I used to always start at the beginning.
I always thought that I needed to explain things completely in order to get someone to understand an issue. So, I’d fill them in on the background, explain the fundamentals, and bring them up to speed on every step I’d taken so far.
Then, and only then, I thought, could we get into the meat and potatoes of whatever it was that needed to be discussed and decided.
Not effective. Not efficient.
The whole time I’m babbling, the other person is wondering what this is all about. They don’t have a good way to discern important details from unimportant details. They are accumulating questions, losing focus, and probably just trying to figure a graceful way out of the conversation.
I had much better luck once I figured out that the best way to start was often at the end.
If I got to the point quickly, whoever I was speaking to was much better prepared to engage.
Because I’ve given them an anchor.
They now had an important reference point to help them focus more directly on the most important details of the background information. They would listen more carefully and, more often than not, start asking questions.

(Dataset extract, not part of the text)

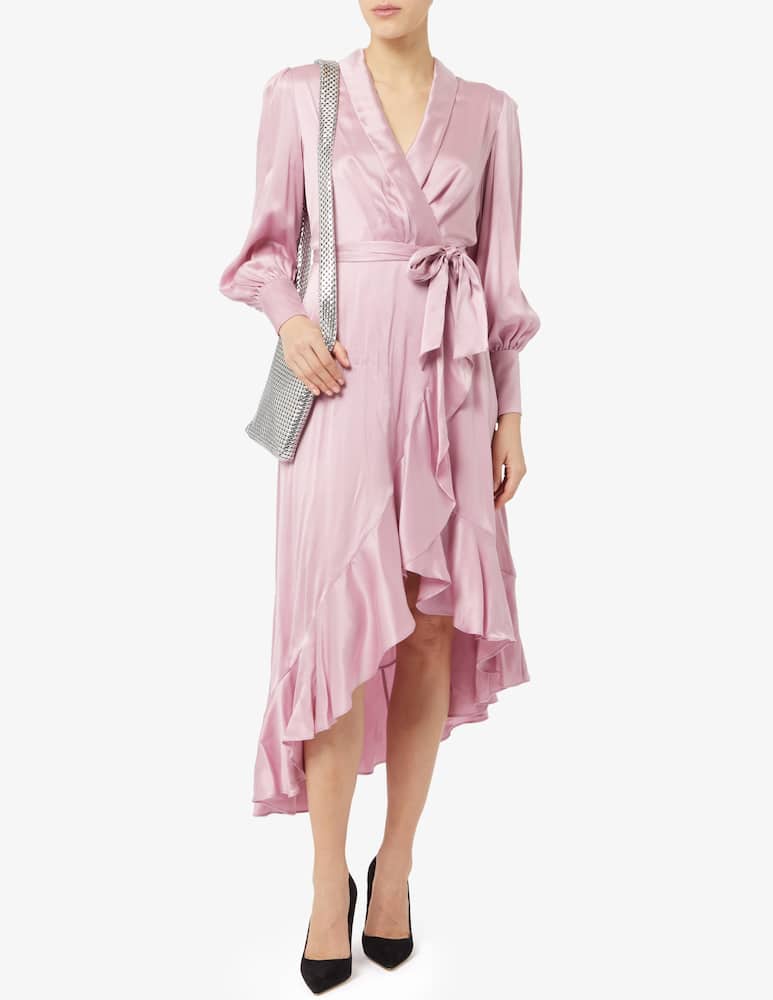 rinascente ZIMMERMANN Silk wrap midi dress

By giving them the bottom line up front, I didn’t lose my big punch line — I gained their attention.
The conversation would more naturally flow back and forth. Questions would arise that uncovered the most important background information. Details would get discussed that are most relevant to go-forward planning and strategy.
Very effective. Very efficient.
Think about an upcoming discussion you need to have. One where you need to brief somebody on a situation and then solicit their input.
Plan to tell them the point first and then fill in the details.
When you speak with them, start with the end. For example…
I think we’re going to need to fire Pat, let me tell you why…
We have a great opportunity to land better clients by raising our fees, let me show you…
The new system isn’t working well, we have three choices on what to do next, here they are…
Don’t those seem a little more attention-getting and conversation inducing?